Therapy Services

  • I provide individual psychotherapy grounded in the psychodynamic tradition. This means I am taking an active, engaged, empathic therapeutic stance in working with you. I will encourage you to say whatever is on your mind or whatever it is your feeling to allow for emotional exploration, re-experiencing of important feelings, thoughts, and memories, in addition to exploring fantasies, wishes, an dreams. We want to make the unconscious conscious to promote different ways of relating to yourself and others, and different ways of adapting to life’s difficulties. With an increased, sustained experience of realistic self-agency and freedom comes new choices and strivings towards your most authentic self.

    I often explain this type of work with the following vignette: Let’s say you come to me, saying there’s this stormy raincloud hanging over your head. In addition to understand why the raincloud is there, I want to help you understand the landscape of your mind to see the weather patterns, and for us to slowly “terraform” the landscape of your mind through trying new behaviors and identifying patterns and alternative, more adaptive perceptions, with the goal being the change the kind of weather you experience in daily life. And sometimes, we will need to work on “using an umbrella” through targeting specific symptoms or developing certain skills.

    It is worth noting that there are no specific guarantees for specific outcomes with individual psychotherapy.

  • I am well-trained in Emotionally Focused Couples Therapy (EFCT), a humanistic, evidence-based approach that is rooted in attachment theory. The goal of EFCT is to create or rebuild a resilient, secure relational bond - this may also include addressing and healing past major relationship traumas or wounds (e.g., infidelity, threats of ending a relationship or divorce, financial betrayals, etc.).
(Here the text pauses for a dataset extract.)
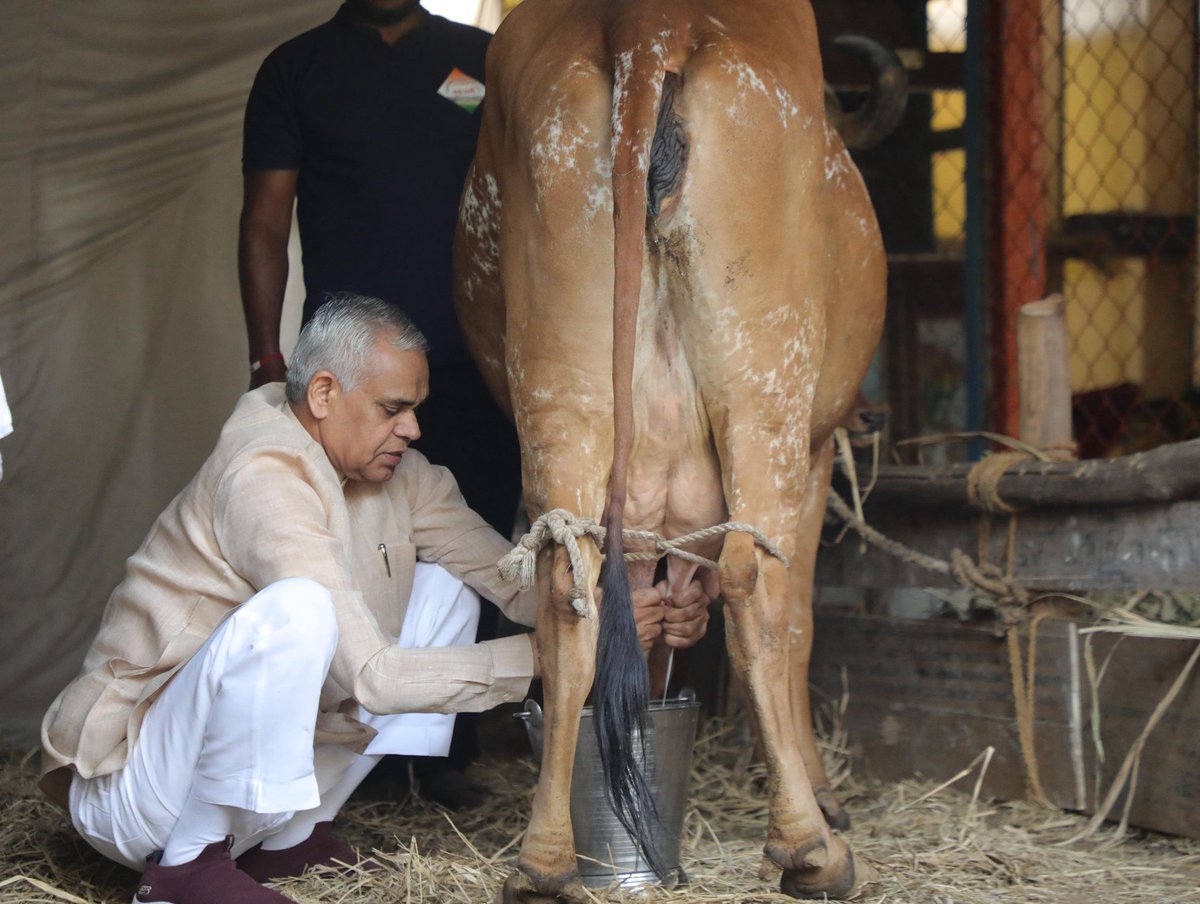 Collector & DM Navsari tweet media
    EFCT centers emotions as agents fo change, paying attention to the messages our emotions, affect, and/or body language gives to our partner, and how we interpret and respond to our partner’s messages too. Through slowing down, uncovering our emotional messages, and identifying recurring patterns of interactions and conflict, there is a profound opportunity to heal and grow in your relationship by moving from insecure connection (which may show up as engaging in emotional pursuing/criticism or withdrawing) to secure connection with one another.